───── Material for this task ─────

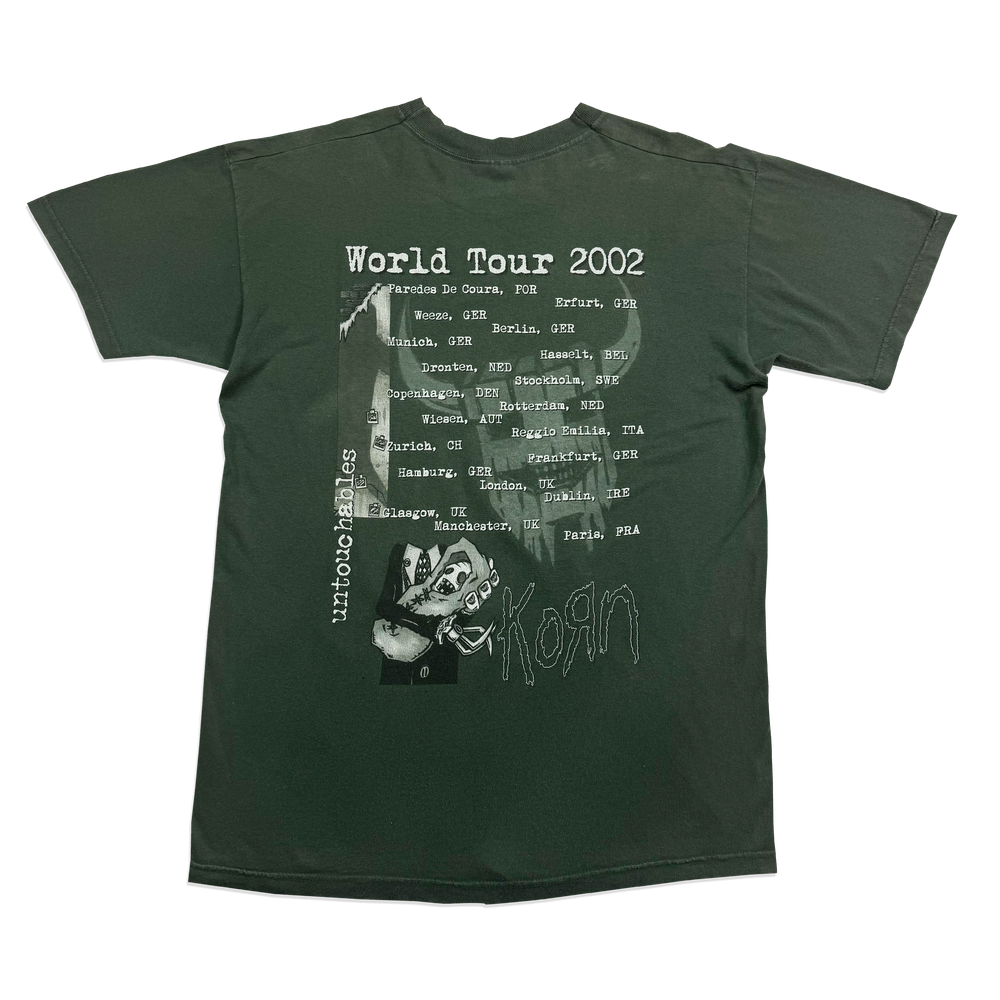 T-shirt - Korn World Tour 2002 - Green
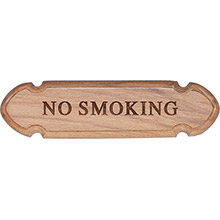 WHITECAP Teak inch no smoking inch name plate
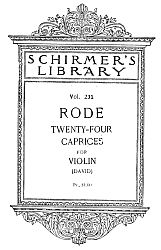 Violin Second Position - Pierre Rode - 24 Caprices for Solo Violin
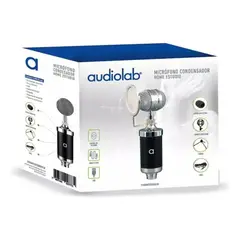 AUDIOLAB - Micrófono Condensador Home Estudio Usb Con Trípode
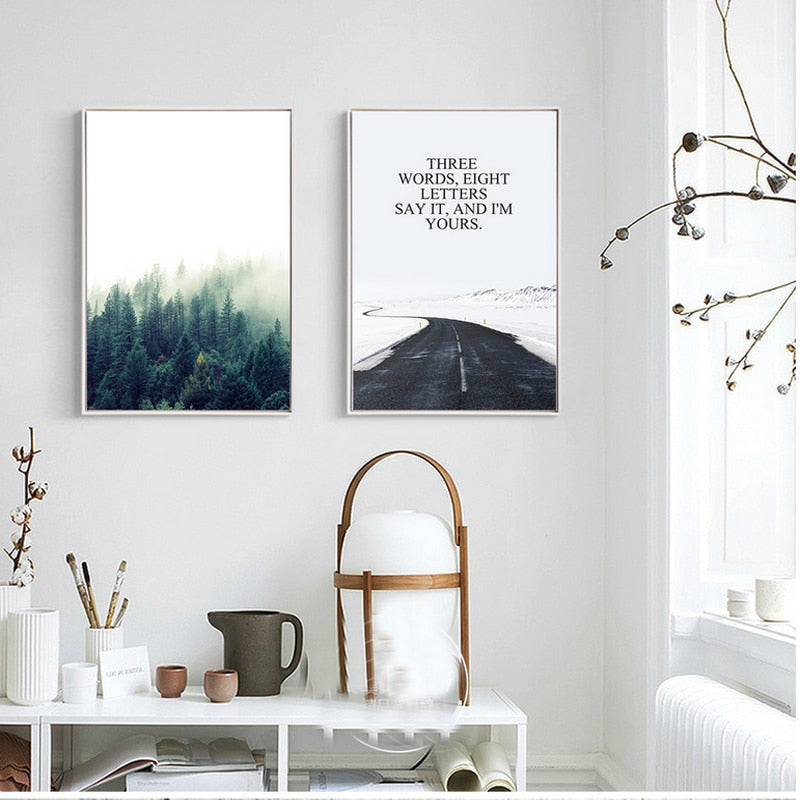 New Nordic Seaside Forest - Canvas Wall Art Painting | Bowlift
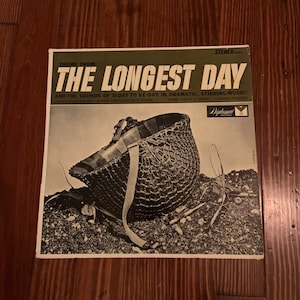 Vintage 1962 Album The Longest Day Diplomat Records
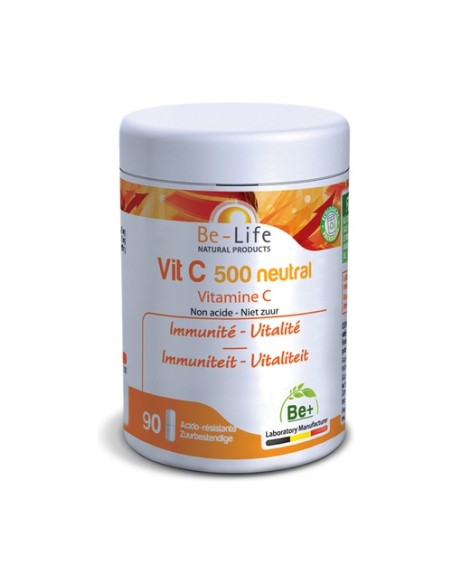 Vit C 500 neutral 90 cápsulas Be-Life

─────

The task — Repeat the data verbatim, excluding all pictures.

Your solution —
 T-shirt - Korn World Tour 2002 - Green
 WHITECAP Teak inch no smoking inch name plate
 Violin Second Position - Pierre Rode - 24 Caprices for Solo Violin
 AUDIOLAB - Micrófono Condensador Home Estudio Usb Con Trípode
 New Nordic Seaside Forest - Canvas Wall Art Painting | Bowlift
 Vintage 1962 Album The Longest Day Diplomat Records
 Vit C 500 neutral 90 cápsulas Be-Life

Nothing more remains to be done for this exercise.